2009-08-15 | Hard Rock
 ガンズ & ローゼズといえば昨年オリジナル・スタジオ・アルバムとしては17年ぶりの新作「チャイニーズ・デモクラシー」を発表、待ちに待った80'sハードロック・アイコンの復活、そして例のドクター・ペッパー騒動(ガンズがもし年内に新作を発表したら全米国民にドクター・ペッパーを無料プレゼントというアホな飲料会社の大風呂敷キャンペーン、結局賭けに負け、しかもバンドから訴えられるというトホホな結果に...笑)という派手な話題も手伝って全米でミリオンセラーを記録したばかりだ。私も大いなる期待を持って聴いたのだが、最初の数曲はまあまあ良かったものの、その後は楽曲の魅力に乏しく、全然心に残るものが無かった。ハードでアグレッシヴな印象の曲でも歌やギターはメロディアスというのがガンズの大きな魅力だと堅く信ずる私にとって、結局、ガンズ・サウンドの要だったスラッシュもいなければ曲作りにおいて重要な役割を担っていたイジーもいないガンズはもはやあのガンズではなく、「チャイデモ」は実質的にはアクセルのソロ・アルバムとして捉えるべきものだった。今にして思えば私にとってのガンズは80'sで終わっていたのかもしれない。
 彼らの登場はとにかくセンセーショナルだった。健康的なバンドが増えてハードロックが巨大なビジネスとして成立していた80年代の後半に出現したバンドでありながら、彼らには70'sハード・ロックが持っていた危険な匂いが充満していた。そのプリミティヴなパワーが最も見事な形で結実したのが1988年に大ヒットした衝撃のメジャー・デビュー・アルバム「アペタイト・フォー・デストラクション」なのだ。
 ①「ウェルカム・トゥ・ザ・ジャングル」、まさに衝撃の幕開けである。ゾクゾクするようなイントロからスラッシュの縦横無尽なギターが炸裂、シンプルなリフ攻撃がえも言えぬ快感を呼ぶ。アクセルのカメレオン・ヴォイスが一触即発の危険なムードを醸し出し、圧倒的な存在感で迫ってくる。

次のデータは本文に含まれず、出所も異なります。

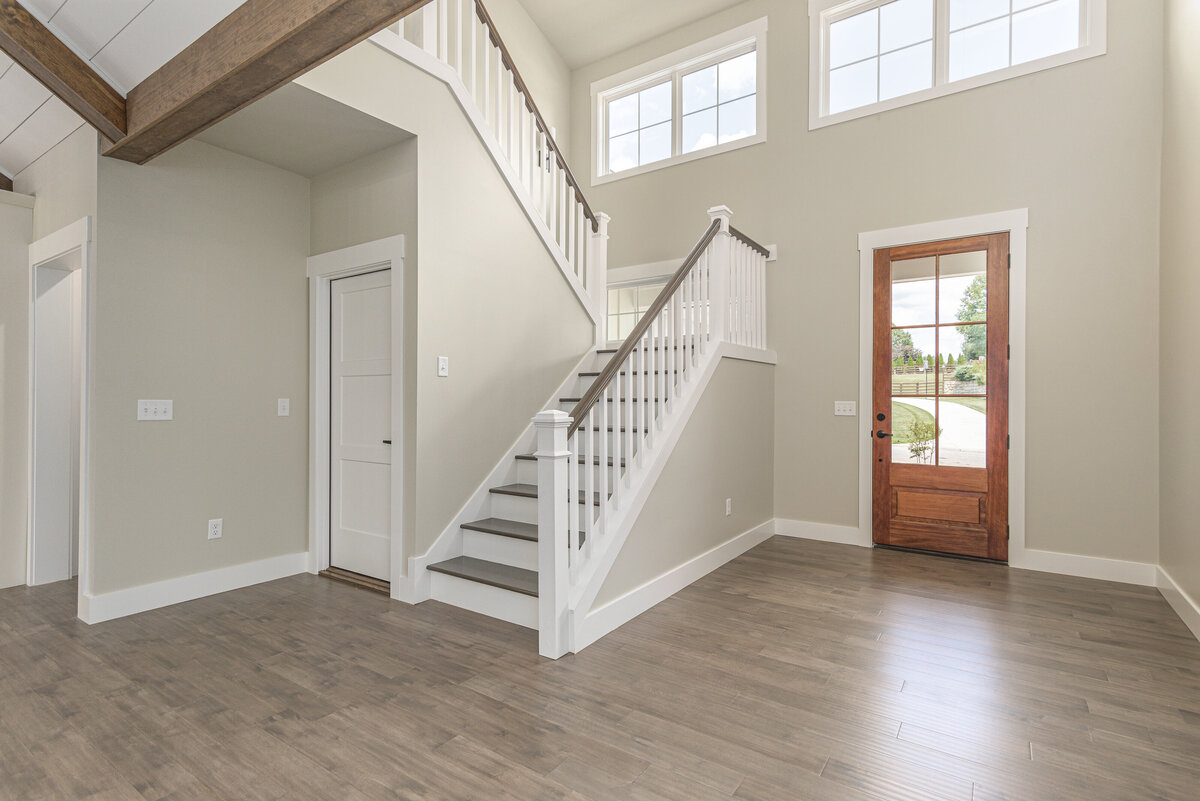 A home with hardwood floors and a staircase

中間部のダフのワイルドなベース・ラインもめっちゃカッコエエし、ホンマに最高、最強のロックンロールだ。続く②「イッツ・ソー・イージー」はパンク・ロック譲りの破壊衝動を内包した野性味溢れるナンバー。それにしてもアクセル、よぉこんな低い声出すよなぁ(>_<)
 ③「ナイトレイン」はノリノリの疾走感がたまらないストレートなロックンロールで、そのライブ感溢れる荒削りなサウンドはエアロスミスもぶっ飛ぶカッコよさ。特にストリートの匂いをプンプンさせながら毒を撒き散らすスラッシュとイジーのギター・ソロが圧巻だ。④「アウタ・ゲット・ミー」も③と同様エアロスミスを源流とするラフで荒削りなバッド・ボーイズ・ロックンロールで、まさに打てるもんなら打ってみろの直球勝負。特にイントロの入り方がめっちゃカッコ良くてシビレるわぁ...(≧▽≦)
 ⑤「ミスター・ブラウンストーン」は一転してウネリまくるギターが生み出すグルーヴがユニークな曲で、テンポはそんなに速くないのに何と言うハイ・テンションなんだろう! エンディングの空耳 “兄貴の位牌... ヤクザ!” にも大笑いしたっけ。⑥「パラダイス・シティ」はスローでメロディアスな前半から徐々に加速していって後半の疾走感溢れる大盛り上がり大会へと繋がる怒涛の展開が凄まじい。そのエネルギーの大爆発に思わず “これがロックだ、文句あるか!” と叫びたくなる衝動に駆られる1曲だ。
 ⑦「マイ・ミシェル」はイントロで “おっ、ついにスロー・バラッドか???” と思わせておいて、一転してラウドなリフが爆裂!いかにもガンズなサビもキャッチーでエエ感じだ。⑧「シンク・アバウト・ユー」は筋金入りの疾走系ロックンロールで、ハードでありながらメロディアス、サビのバックで聞こえるメランコリックなアルペジオが絶妙な隠し味になっている。
 2週連続全米№1を記録したガンズの出世作⑨「スウィート・チャイルド・オブ・マイン」はもうイントロだけでメシ3杯は食えそうな大名曲で、ポップで甘酸っぱいメロディーもガンズの手にかかるとこの通り、スラッシュの煌くようなギター・ソロといい、アクセルのミャ~ミャ~したヴォーカルといい、実に見事なパワー・バラッドになっている。疾走系ロックンロール満載の本アルバム中でも一ニを争うスピード感がたまらない⑩「ユーアー・クレイジー」、ひたすらラウドに弾きまくるギターの刻みがめちゃくちゃカッコ良いパンキッシュなナンバーだ。
 ⑪「エニシング・ゴーズ」はグルーヴィーなギター・リフが支配する前半部分からリズム・チェンジして後半たたみかけるようなシャッフル・ビートで一気に押し切る構成が面白い。トーキング・モジュレーターを始めとする様々なギミックも効果的に使われている。⑫「ロケット・クイーン」は前半部分はイマイチわけが分からんのだが、転調してからの後半のロッカ・バラッド風展開はこの破天荒なアルバムのシメに相応しいと思う。疾走系ロックンロールのアメアラレで暴走しまくっておいて、このようにドラマティックな大団円を演出する構成力はとてもデビュー・アルバムとは思えない。
 どこを切ってもラフなロックンロールが飛び出してくるこのアルバムはアクセル、スラッシュ、イジー、ダフ、そしてスティーヴンの5人が揃って初めてケミストリーが生まれることを如実に物語っている。スリル満点のサウンド、理屈抜きのカッコ良さ、そして既成概念を寄せ付けないカリスマ性... これはおそらくこの時期の彼らにしか作り出せなかったであろうハードロックの奇跡的名盤なのだ。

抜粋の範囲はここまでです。